Esophageal dilation is a common, minimally invasive procedure used to widen an abnormally narrow section of the esophagus. This narrowing, medically termed a stricture, causes difficulty swallowing food and liquids, a symptom known as dysphagia. The procedure involves stretching the constricted area to restore a normal passageway for food to reach the stomach. As an outpatient treatment, esophageal dilation offers a high success rate in immediately improving a patient’s ability to eat comfortably.
Medical Reasons for Esophageal Narrowing
The primary reason for needing the esophagus stretched is the presence of an esophageal stricture, typically caused by chronic damage leading to scar tissue formation. The most frequent cause of this scarring is long-standing gastroesophageal reflux disease (GERD), which accounts for 70% to 80% of benign strictures. Stomach acid repeatedly flowing back up into the esophagus irritates the sensitive lining, causing inflammation called esophagitis. Over time, the body attempts to heal this repeated injury by laying down scar tissue, which is less flexible and narrows the tube’s diameter.

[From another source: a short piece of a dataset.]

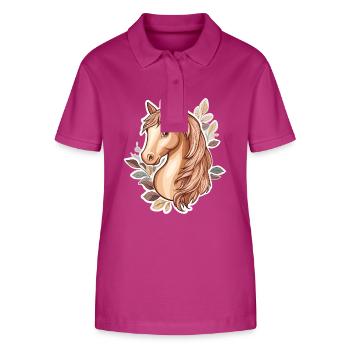 Pferd Herbstblätter - Stanley/Stella Frauen Bio-Poloshirt ELLISER - Orchidee - Vorne - Luana (180cm)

Another condition that frequently leads to narrowing is Eosinophilic Esophagitis (EoE), an allergic inflammatory disorder. In EoE, a large number of white blood cells called eosinophils accumulate in the esophageal lining, triggering chronic inflammation. This inflammation results in the formation of rings or webs of tissue, which are responsive to dilation.
Strictures can also arise from damage caused by medical treatments or accidental ingestion of corrosive substances. Radiation therapy administered to the chest or neck area for cancer can inflame the esophagus, leading to scarring and subsequent narrowing. Strictures resulting from the accidental swallowing of caustic materials, such as lye or battery acid, cause severe chemical burns and extensive scar formation. These resulting strictures from radiation or caustic injury are generally more complex and difficult to treat than those caused by acid reflux.

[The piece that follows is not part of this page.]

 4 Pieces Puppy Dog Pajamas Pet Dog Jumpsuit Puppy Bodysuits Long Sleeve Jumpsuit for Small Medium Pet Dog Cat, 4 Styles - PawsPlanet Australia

How Esophageal Dilation is Performed
The procedure for esophageal dilation is performed with the patient under sedation to ensure comfort and minimize movement. A gastroenterologist first inserts a thin, flexible tube equipped with a camera and light, called an endoscope, through the mouth and into the esophagus. The endoscope allows the doctor to visualize the narrowed segment, assess its severity, and ensure the correct area is treated.
There are two main approaches used to stretch the stricture: bougies and balloon dilators. Bougies are long, flexible, cone-shaped tubes of increasing diameter that are passed sequentially down the esophagus over a guiding wire. The doctor starts with a small bougie and gradually uses larger sizes to stretch the scar tissue incrementally.
Alternatively, a balloon dilator may be used, which is inserted through the channel of the endoscope to the site of the narrowing. Once correctly positioned, the balloon is inflated with water or air to apply radial force against the stricture. This method is effective for most types of strictures. Fluoroscopy, a type of moving X-ray, may be used to guide the placement of the tools and confirm the stricture is widening. The dilation procedure typically takes about 15 to 30 minutes, aiming to widen the esophagus enough to alleviate symptoms without causing injury.
Immediate Recovery and Long-Term Results
Following the dilation, patients are monitored in a recovery area for an hour or two while the sedative medication wears off, and most are able to return home the same day. It is common to experience a mild sore throat or slight discomfort behind the breastbone for a day or two afterward. These minor side effects are manageable with over-the-counter pain relievers or throat lozenges.
Immediate dietary instructions involve starting with clear liquids and slowly progressing to soft foods before resuming a regular diet, often within 24 hours. Patients are advised to contact their doctor immediately if they experience severe chest pain, difficulty breathing, fever, or signs of bleeding, such as dark or bloody stools. These symptoms can indicate a rare but serious complication like a tear in the esophageal lining.
The results of esophageal dilation are positive, providing immediate relief from swallowing difficulties. However, the long-term outlook depends on the underlying cause of the stricture. For chronic conditions like GERD, the narrowing often recurs because the underlying disease process continues, meaning many patients require repeat dilations.
In these cases, doctors often prescribe acid-suppressing medications to help prevent the stricture from returning quickly. A scheduled program of repeat dilations can improve the long-term outcome, with studies showing that the need for further procedures often decreases after about 18 months of treatment.